GitHub actions view of monorepo CI.

GitHub Actions for a Gleam monorepo

I’m a fan of a Gleam monorepo to break a project into separate packages. Separate packages are required if you want to target multiple runtimes, such as JavaScript for a client app and erlang for a robust backend service.

There is no need to stop at just a frontend/backend split. EYG is a statically typed functional scripting language that I have been writing with the goal of being a better bash. I want users to be able to pick and choose parts of the tooling so it is decomposed into over a dozen packages. Some packages run on the BEAM, some compile to JavaScript, and some work on both runtimes.

The rest of this post is a hopefully concise summary of my CI setup.

Repo structure

I am using GitHub Actions for CI. All the CI configuration lives in .github/workflows/test.yml

Each Gleam package sits in packages/<name> and has its own gleam.toml.

packages/
  gleam_analysis/
  gleam_compiler/
  gleam_hub/
  gleam_interpreter/
  gleam_parser/
  morph/
  website/
  ...

Job structure

The greatest difference between test runs is the runtime they’re based on. The workflow has a job for each runtime, test-beam and test-bun.

A third test-db job exists, I’m not going to dive into it here as it also runs on the BEAM.

Runtime setup

Each job specifies a matrix of values. These values include the version of the runtime and all the packages that should be tested.

I use the matrix of gleam versions to quickly test release candidates.
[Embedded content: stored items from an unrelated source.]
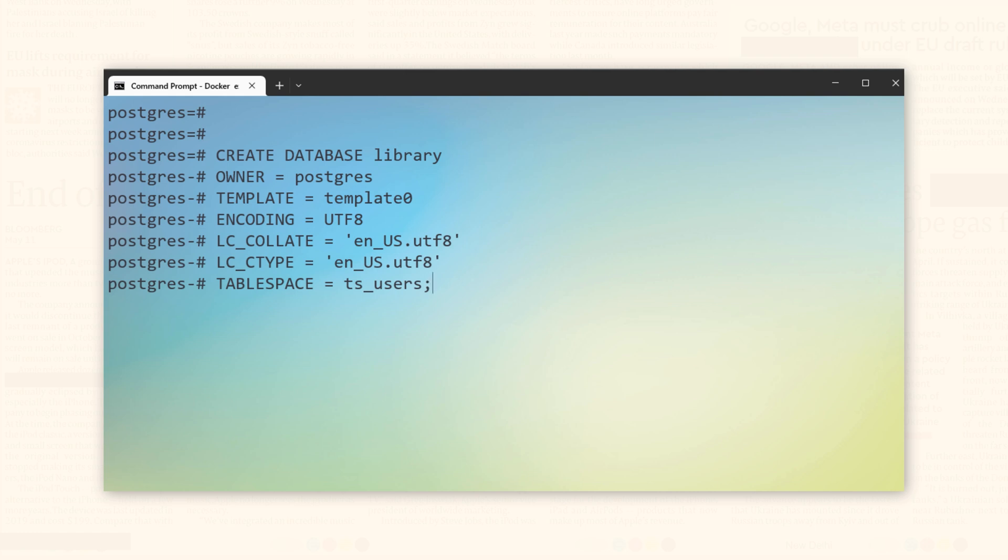Let's execute. Done. Our database library created successfully.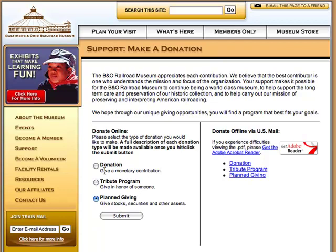WebConnection created a solution that empowers donors to contribute to any of the donation programs via online forms or printable PDFs which can be mailed to the museum.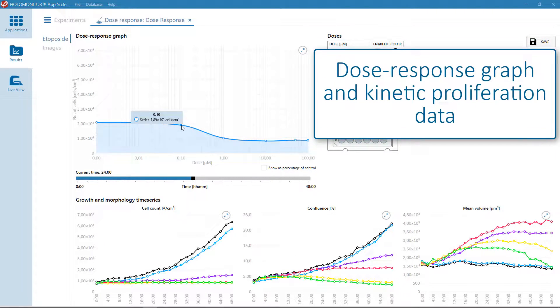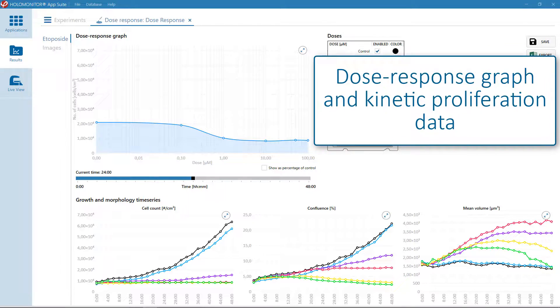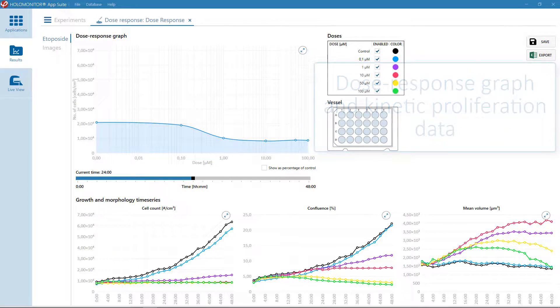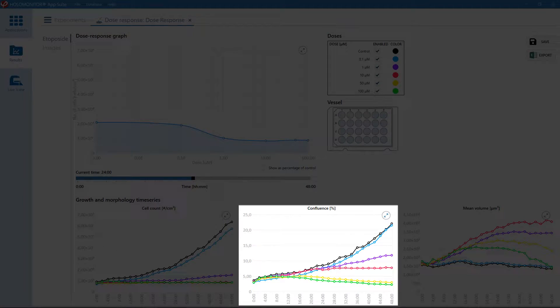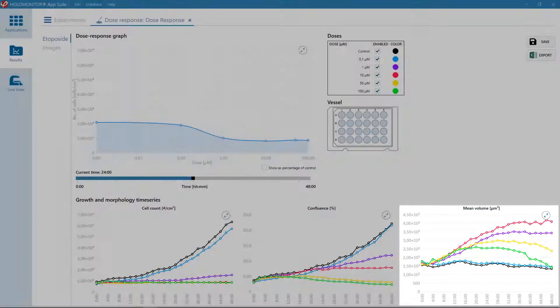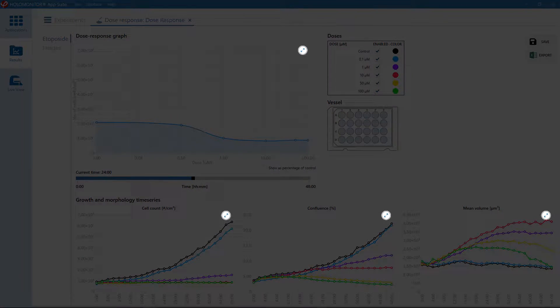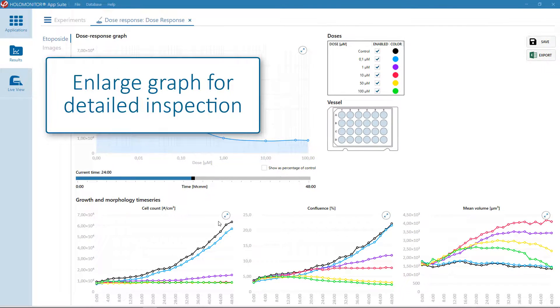You will also get kinetic proliferation data presented in graphs showing changes in cell number, confluence and cell volume over time. Each graph can be enlarged for a more detailed inspection.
We are currently in the release candidate cycle for 1.16.0 adding one field here gives me a heads up of any issues that might effect any of the packages.

test-beam:
  runs-on: ubuntu-latest
  strategy:
    fail-fast: false
    matrix:
      gleam: ["1.15.4", "v1.16.0-rc3"]
      otp: ["28.4"]
      rebar3: ["3.25"]
      package: ["gleam_analysis", "gleam_hub", "gleam_ir", "gleam_parser", "touch_grass", "untethered"]

fail-fast: false is important here. Without it, one failing package would cancel all the others and you’d lose visibility into what else is broken.

There is a similar list of packages for test-bun I try to run as many packages as possible on both targets. The “sans-io” pattern is working well for me as an approach to make packages runtime agnostic. Hopefully I’ll write a post about that soon.

Not every package appears in both matrices. For example, gleam_cli is very closely tied to bun as I use it for building single file executables as a way to distribute the cli.

Tests and other checks

The actual testing is defined in the actions steps.

steps:
  - uses: actions/checkout@v4
  - uses: erlef/setup-beam@v1
    with:
      otp-version: $
      gleam-version: $
      rebar3-version: $
  - run: gleam deps download
    shell: bash
    working-directory: packages/$
  - run: gleam build --warnings-as-errors
    working-directory: packages/$
  - run: gleam test
    working-directory: packages/$
  - run: gleam format --check src test
    working-directory: packages/$

I am as strict as possible in my checks. Running gleam build --warnings-as-errors ensures CI fails for any compiler warnings. It’s useful to be able to develop locally with warnings occurring but by the time I push I don’t want any of them. Running gleam format --check src test fails CI if any files are not formatted correctly. I’ve extended the check to cover test files as well.

Output in GitHub

With this approach each combination of package and runtime gets its own line in the CI report. This is really helpful to see if a failing test is due to a dependency also having an error or for checking that a bug only affects a specific Gleam version.

And that’s it really.


I'm building EYG an experiment in a building better languages and tools; for some measure of better.